ELEŞTİRİSEL ZİHNİYET
|
Prof. Dr. Necati ÖNER
19-22 Kasım 1986'da, Ankara'da, düzenlenen "Türkiye Birinci Felsefe-Mantık-Bilim Tarihi Sempozyumu"nda "Üç Temel Zihniyet" adı ile bir bildiri sunmuştum. Bildiri 1991'de adı geçen sempozyumun bildiri kitabında, daha sonra Felsefe Yolunda Düşünceler adlı kitabımda (ilk baskı 1993-ikinci baskı 1999) yayınlamıştım. Bildiride Lévy-Bruhle'den beri kabul edilen olgusal (positiv) ve bfyüsel (magique) diye adlandırılan, insanın, iki temel zihniyetine eleştirisel (critique) diye bir üçüncüsünü eklemiş, bunun felsefe ve dinde görüldüğünü söylemiştim. Bu iddiam ne sempozyumda ne de sonradan hiçbir yankı yapmadı. Ülkemiz düşünce dünyasında sık rastlanan kayıtsızlık örneklerine ek olarak unutulup gitti, fakat sorun üzerinde durmama engel olmadı. Bu konudaki fikirlerimde bazı değişiklikler ve bazı açıklamalar yapma gerekliliğini duydum.

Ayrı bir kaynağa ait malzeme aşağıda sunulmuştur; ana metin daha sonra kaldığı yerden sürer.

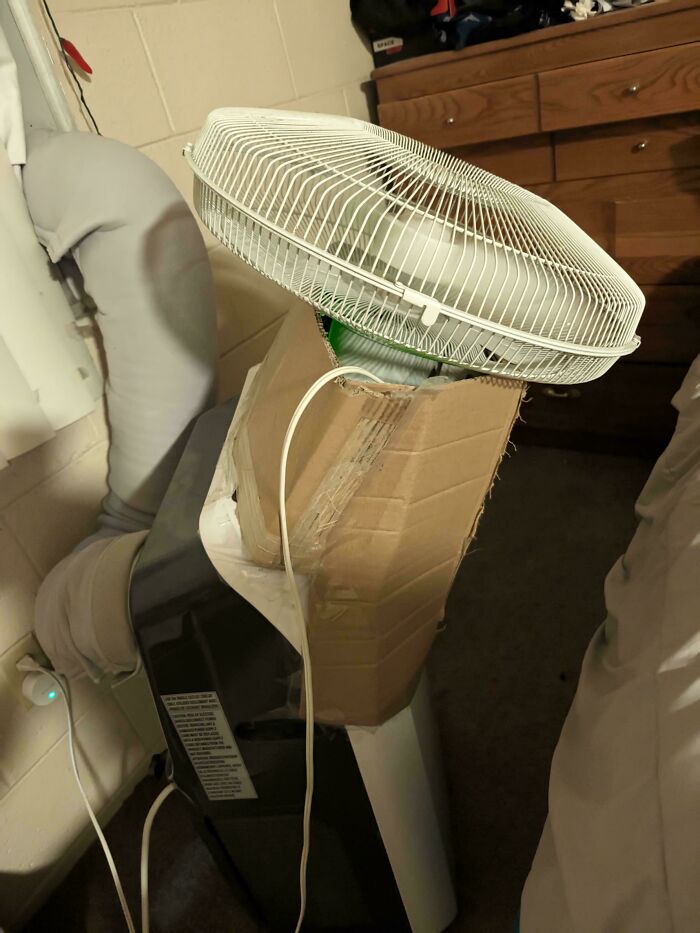 Improvised cooling setup with a fan taped to a cardboard attached to an air conditioner showing a technically works solution.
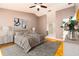Spacious main bedroom features a ceiling fan, a dresser, and an attached bathroom at 4623 Secret River Trl, Port Orange, FL 32129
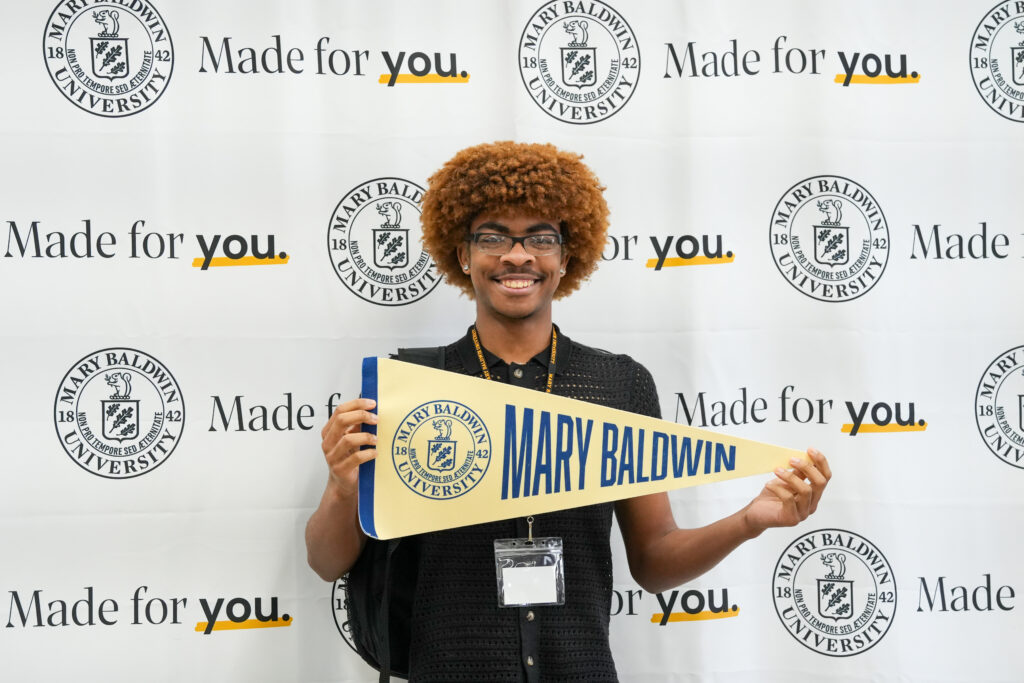 Young man holding Mary Baldwin penant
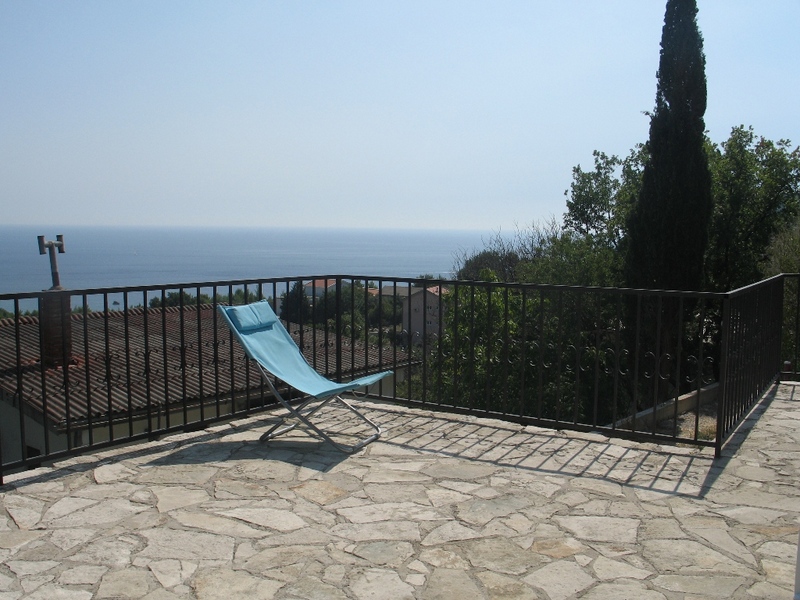 Terrace with sea view in a house, Sutomore, Montenegro: stone floor, wrought-iron railing, and a sun lounger for relaxing.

Eleştirisel zihniyetin büyüsel ve olgusal zihniyetler yaranda, onlardan farklı, temel bir zihniyet olduğu kanaatimi muhafaza ediyorum. Eğer böyle bir temel zihniyet olmasa idi Auguste Comte'un anlayışı dışında bir felsefe yapılamazdı; yani metafizik konularla insan meşgul olmazdı. Halbuki her devirde metafizik konulan ele alan büyük filozoflar yetişmiştir. Günümüzde de bu çalışmalar devam etmektedir. İnsan, olgusal zihniyetin eseri olan bilimle yetinmiyor. Bu verilerin ötesine geçmemek için akla sınır çizilemiyor.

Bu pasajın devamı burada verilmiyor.